──────── RECORD SET
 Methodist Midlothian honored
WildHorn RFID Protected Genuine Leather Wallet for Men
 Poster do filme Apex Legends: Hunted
────────────────
──────── RECORD SET
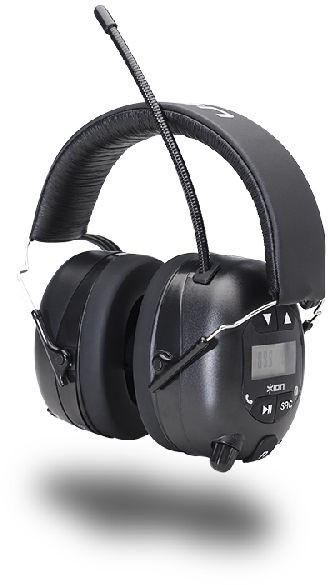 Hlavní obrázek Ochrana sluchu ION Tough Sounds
────────────────
EXERCISE INSTRUCTIONS
Search the listing above for the lines with "Methodist Midlothian honored" and "Poster do filme Apex Legends: Hunted", then output those lines and all lines between them exactly.

PROBLEM SOLUTION
 Methodist Midlothian honored
WildHorn RFID Protected Genuine Leather Wallet for Men
 Poster do filme Apex Legends: Hunted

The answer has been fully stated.